Spojrzałem na niego zaciekawiony tym, że pamięta ową sytuację. Zapamiętał mnie? Przymknąłem oczy odchylając głowę do tyłu. Odetchnąłem ciężko. Czy to możliwe, że spotkanie tego mężczyzny było największym błędem w moim życiu? Mam tego żałować?

- Idziemy. - mruknąłem wychodząc z pomieszczenia.

Machnąłem tylko do Shina na znak, że opuszczam miejsce zbrodni. Skierowałem się w jedną z uliczek. Skróty zawsze w modzie. Za mną podążał mniej pewnie srebrnowłosy. Przystanąłem i obdarzyłem go swoim zacnym wzrokiem. Spojrzał na mnie wystraszonymi niebieskimi oczami. Przekrzywiłem głowę w bok zadając mu nieme pytanie.

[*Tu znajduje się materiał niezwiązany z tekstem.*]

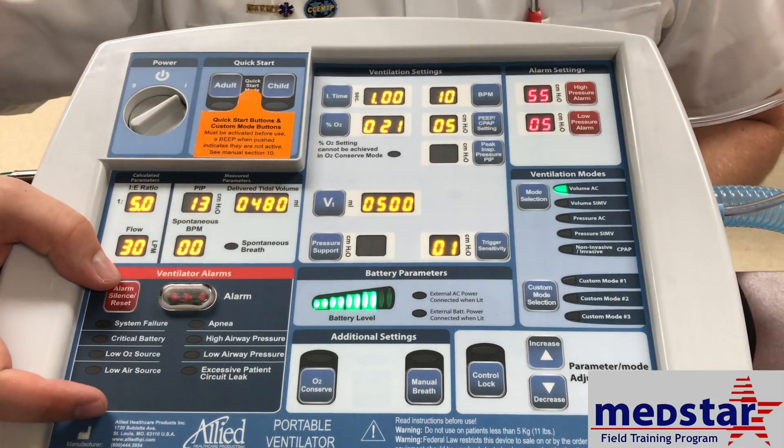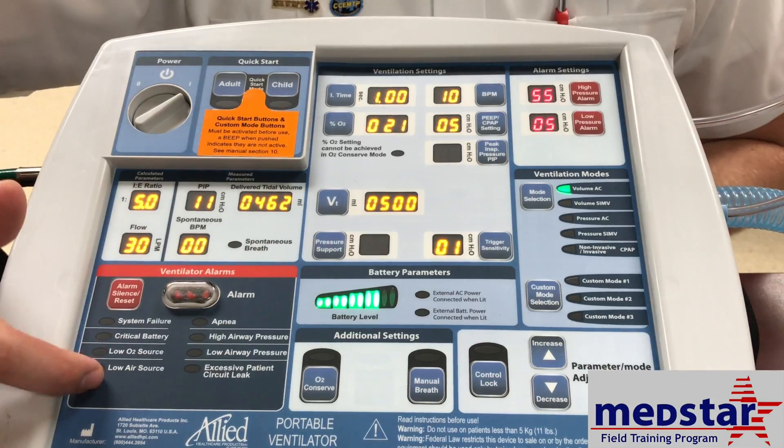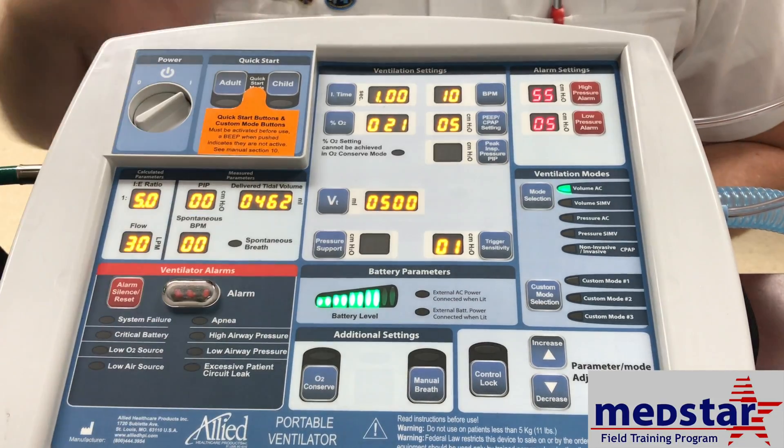Your alarm panel is down here. If you run into any alarms, it will display with a big red light and indicate which alarm has been triggered.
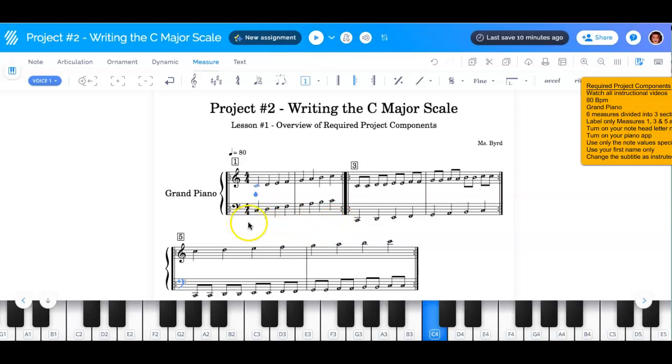This is the first section: measures one and two. The next section is measures three and four. And the last section is measures five and six. You must divide them with repeat signs.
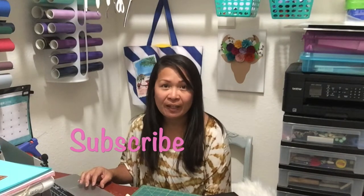Hey guys, welcome back to my channel. If you're new here, welcome — please subscribe if you haven't already, and don't forget to hit that notification bell so you don't miss any of my videos. Today I'm going to be doing a reverse canvas of photos of my children, and it's going to look like this. If this is something you guys want to do, keep on watching.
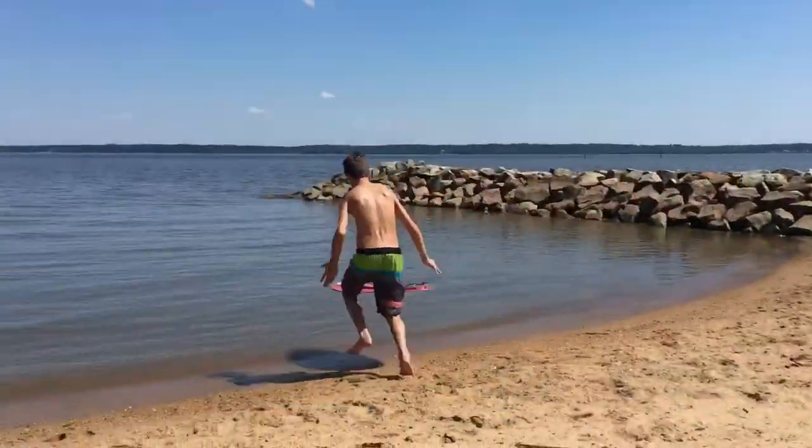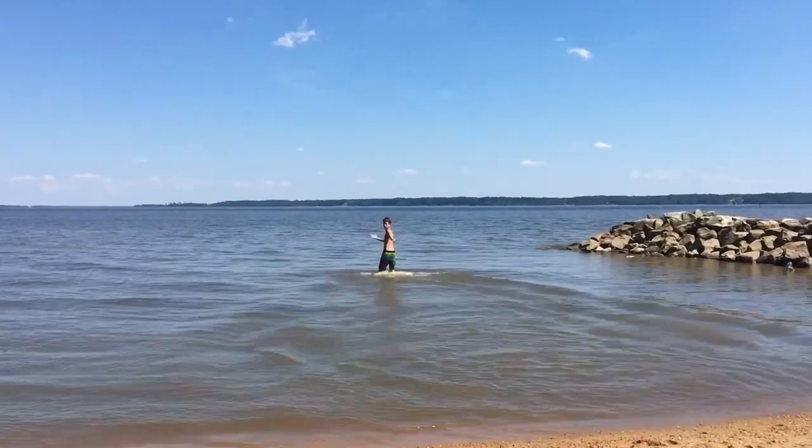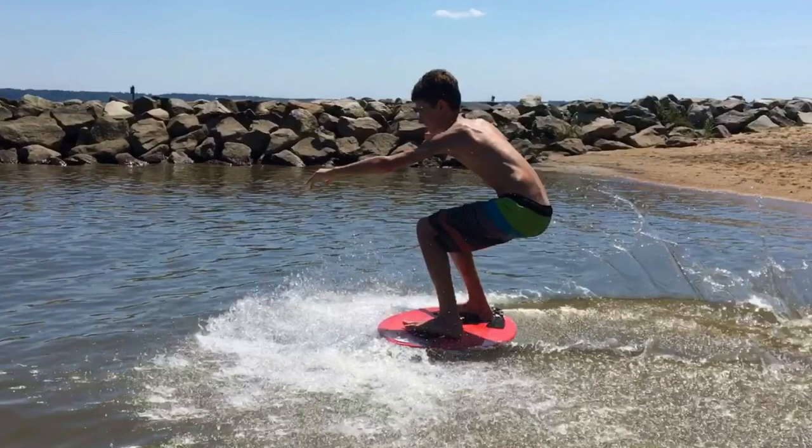Hydroplaning on a skimboard is an easier way to get out to deeper waters. The first thing you need to do when you get on the board is to turn the skimboard how it is in the picture, so your feet are facing forward.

- Nie jestem zbytnio przekonany do tego miejsca Panie. - powiedział podchodząc bliżej.

- Jak jesteśmy sami mów do mnie mniej formalnie. - westchnąłem. - Co masz przez to na myśli?

- Nie jest tu bezpiecznie. - mruknął rozglądając się dookoła. Przekręciłem oczami.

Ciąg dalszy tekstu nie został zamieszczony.